Can Howard University and other HBCUs Survive?
...This question may
be at the very heart of the larger question of what "education" in this
nation is, or should be.
[...] I have
exchanged many thoughts on this, [...] and the question keeps coming up, like that proverbial bad penny,
as indeed it must, until there are satisfactory answers. One of the
most significant recent discussions might have been that "Saving the
African American Child" conference which was held in Chicago last
October, which went (dare we say "no surprise") in a direction other
than what we might have individually and collectively hoped.
It
I more than just glib rhetoric, in confronting situations like this, to
say that the solution is more about questions than answers. "In the
beginning was the word...": How we think about things and what we think
about them is going to depend largely on the words we use, the
presumptions embodied in those words, including cultural connotations
and biases, and consequently how we understand and interpret the
universe and our place in it. The analogy of sports or combat reminds
us that the victors are usually the ones who can impose their game plan
on the situation, and take their opponents out of theirs. "Name it and
Claim it" is very much the name of the language game, which causes us to
question (healthfully) what is really meant by "education," the myth of
"race," and other American cultural iconic references which have shaped
the discourse for decades, if not centuries.
Obviously,
I'm not saying anything that we don't already know, only too well if
anything, but I am invoking this awareness, this part of our heritage,
to revisit this question of HBCUs with fresh eyes, so to speak.

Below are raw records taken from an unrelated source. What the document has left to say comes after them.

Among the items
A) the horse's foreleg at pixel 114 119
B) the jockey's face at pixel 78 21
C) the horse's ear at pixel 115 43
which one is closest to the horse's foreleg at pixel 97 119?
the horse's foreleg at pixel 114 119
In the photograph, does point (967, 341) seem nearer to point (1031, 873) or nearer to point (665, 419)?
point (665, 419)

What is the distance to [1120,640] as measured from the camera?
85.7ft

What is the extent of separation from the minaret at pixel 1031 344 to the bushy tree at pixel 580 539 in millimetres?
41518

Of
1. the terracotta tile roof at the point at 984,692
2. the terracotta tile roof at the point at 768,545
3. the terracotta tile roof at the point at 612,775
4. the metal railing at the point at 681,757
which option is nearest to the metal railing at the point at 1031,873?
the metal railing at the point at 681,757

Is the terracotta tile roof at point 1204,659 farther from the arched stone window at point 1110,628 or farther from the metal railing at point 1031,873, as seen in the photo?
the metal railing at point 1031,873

Like
everything else in America about "race," the very existence of HBCUs is a
double-edged, or should I say double-pointed, legacy, which
simultaneously works for and against us.
"Race"
is real for the same reason that money is real and that any number of
American cultural artifacts (mental and spiritual as well as physical)
are real, which is that reality and relevance, like the power of the
mugger who steps out of an alley to change your life, is enforced at
gunpoint. Slavery could only be maintained by the unrelenting threat or
actuality of violence. That is because these things have no basis in
natural law or even science (our feeble attempts to discern natural
laws). But, as such, it is a reality: our melanin has been deemed -- by
our adversaries -- to be our military uniform in a one-sided war we
have not declared, and they decide when hunting season is open. But it
is a reality named and claimed by "them," not "us," and therefore we
must be very circumspect in how we embrace, accept, or use it.
In
the matter of "education," for example, while we, acknowledging the
imposed reality of "racial" separation and segregation, can (and must)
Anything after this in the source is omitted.